> [Instructions to follow]: When a picture appears in the listing, leave it out and copy the rest exactly as it stands.

> [Task data]:
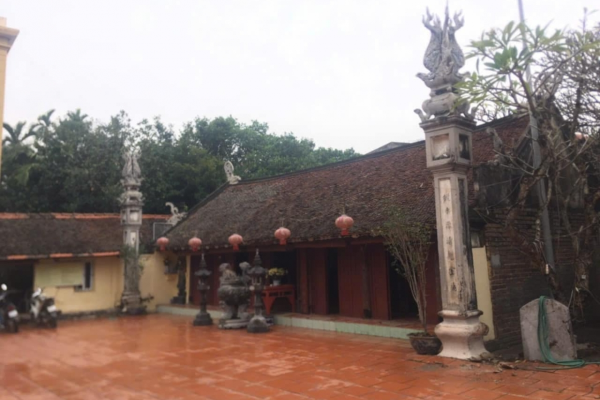 Miếu Voi Phục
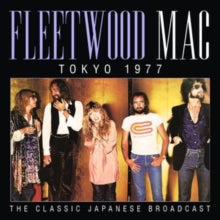 Fleetwood Mac: Tokyo 1977 - CD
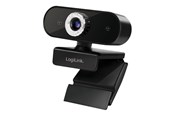 Webkamera - LogiLink Pro full HD USB webcam with microphone - UA0371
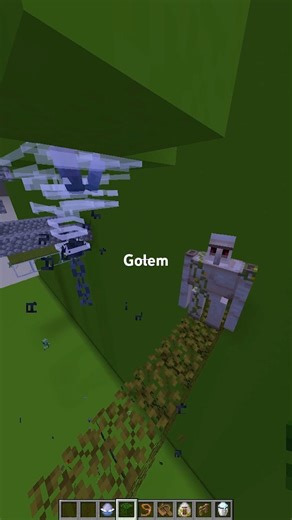 Build Ceilings with HIDDEN BREEZES #minecraft #java #bedrock #howto #build #tips #breeze #tutorial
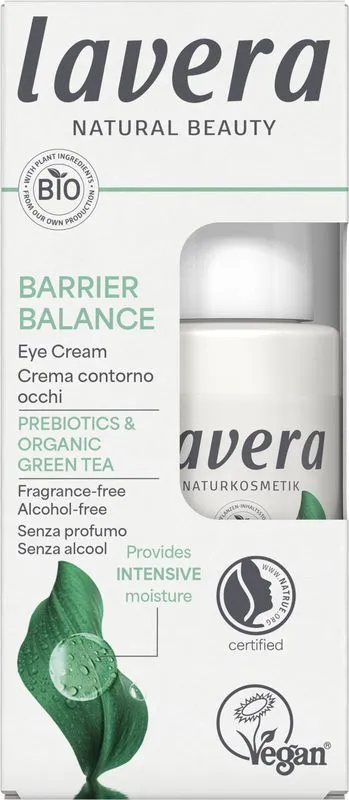 Lavera Barrier Balance Eye Cream Bio (15 ml)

> [Answer box]:
 Miếu Voi Phục
 Fleetwood Mac: Tokyo 1977 - CD
 Webkamera - LogiLink Pro full HD USB webcam with microphone - UA0371
 Build Ceilings with HIDDEN BREEZES #minecraft #java #bedrock #howto #build #tips #breeze #tutorial
 Lavera Barrier Balance Eye Cream Bio (15 ml)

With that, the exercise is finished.